Key Details of Her Story

  • Arrival: She reached Table Bay in early 1657 (around February) aboard the VOC ship Amersfoort (or part of a returning fleet), brought by freeburgher/commander Pieter Kemp as his personal servants. Kemp sold her and her family to Jan van Riebeeck, the founder and commander of the Dutch settlement established in 1652.
  • Life at the Cape: She worked in van Riebeeck’s household at the Fort de Goede Hoop. While there, she had additional children born into slavery. The Dutch assigned her the toponym “van Bengale” (of Bengal), replacing her original name.
  • Manumission (Freedom): After van Riebeeck left the Cape in 1662, she was sold to Abraham Gabbema. He freed her and her children on 13 April 1666—one of the earliest manumissions of slaves at the Cape.
  • Later Life and Legacy: Angela became a successful free woman. She owned property (one of the first female former slaves to do so), accumulated wealth (including significant guilders by her death around 1720), and was a respected figure. Her daughter Anna de Koningh (or de Coningh) became a notable wealthy socialite and landowner.
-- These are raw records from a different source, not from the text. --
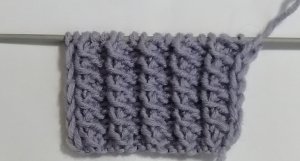 Необычная резинка 1 на 2 спицами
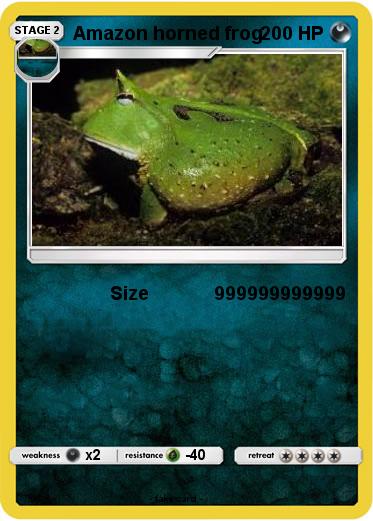 Pokemon Amazon horned frog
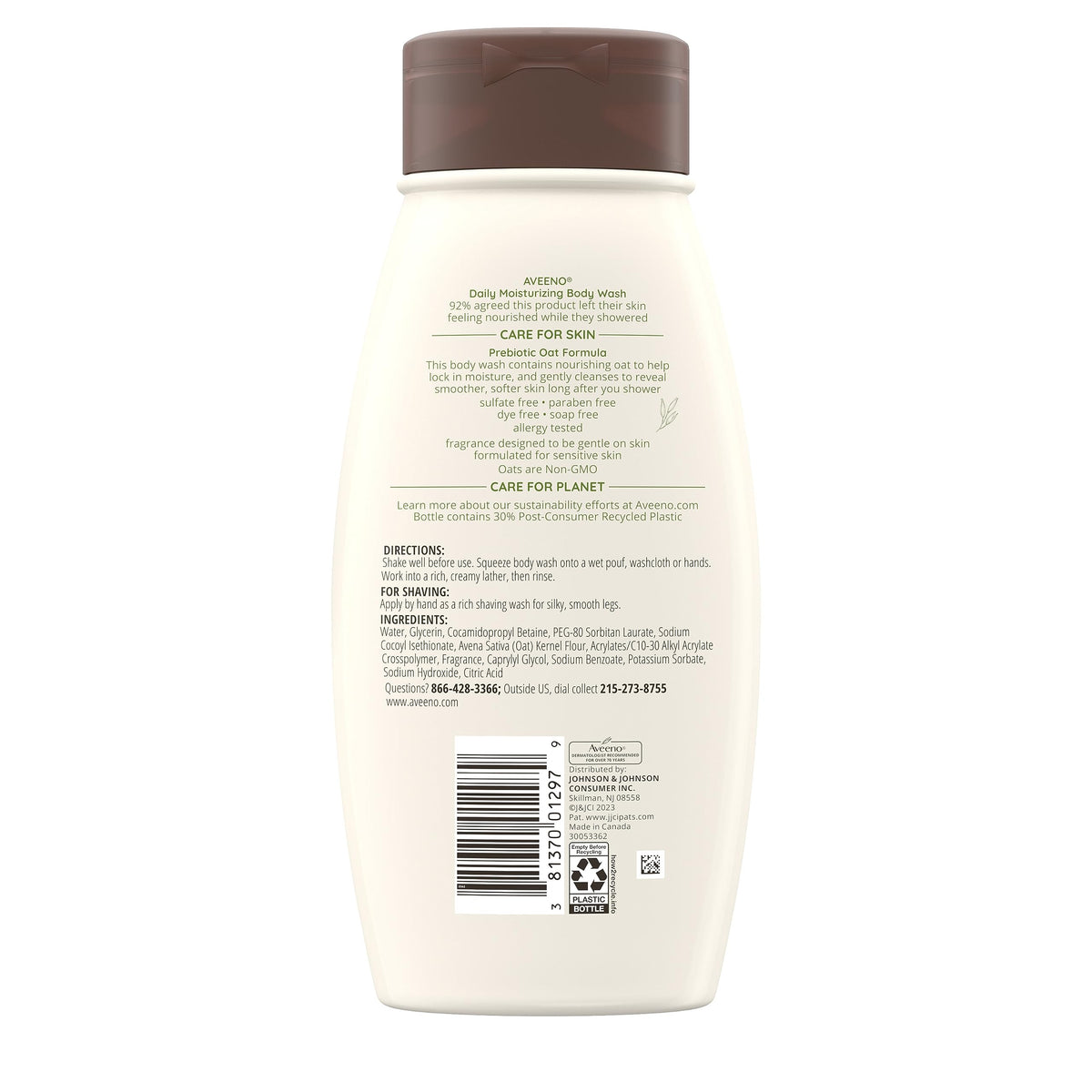 Aveeno lifestyle morning routine with serum showcasing daytime protection prep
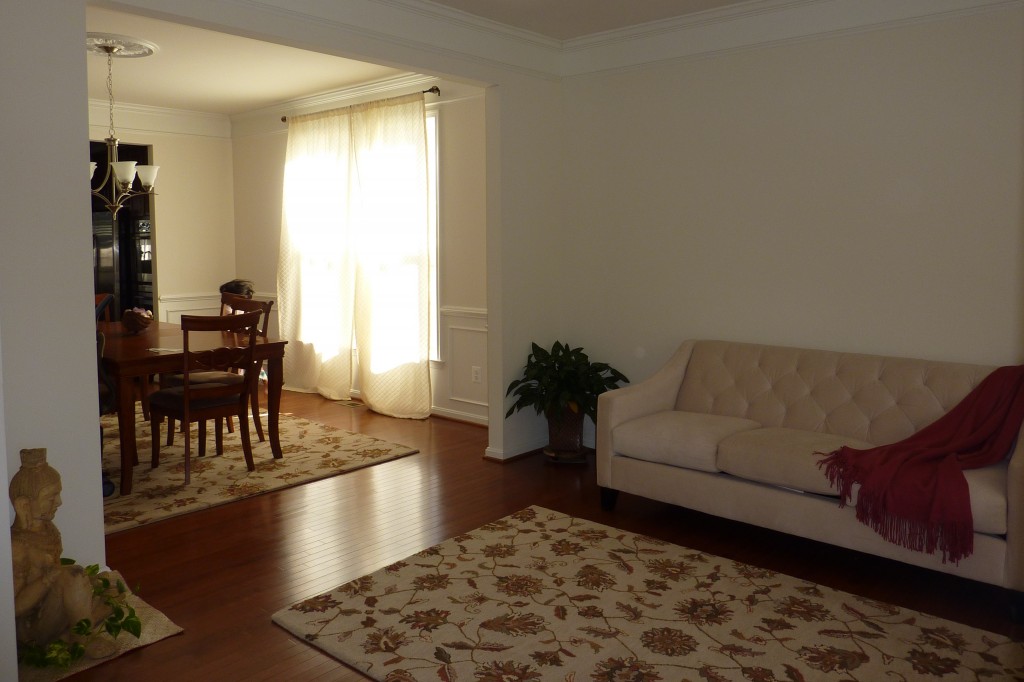 Living Room Goes from Drab to Fab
This occurred in the very early days of the Cape settlement, before large-scale slave imports ramped up (the first major shipment arrived in 1658). Enslaved people from Bengal/India, Indonesia, Madagascar, and elsewhere were brought to provide labor for the VOC refreshment station. Many from Bengal adapted well after manumission and integrated into the emerging Cape society.

The story highlights the brutal realities of the Dutch East India Company (VOC) slave trade routes connecting Asia to southern Africa, as well as individual resilience—Angela transitioned from enslaved domestic worker to property owner in a frontier colonial society. Sources include VOC records, genealogical research, and histories of early Cape slavery.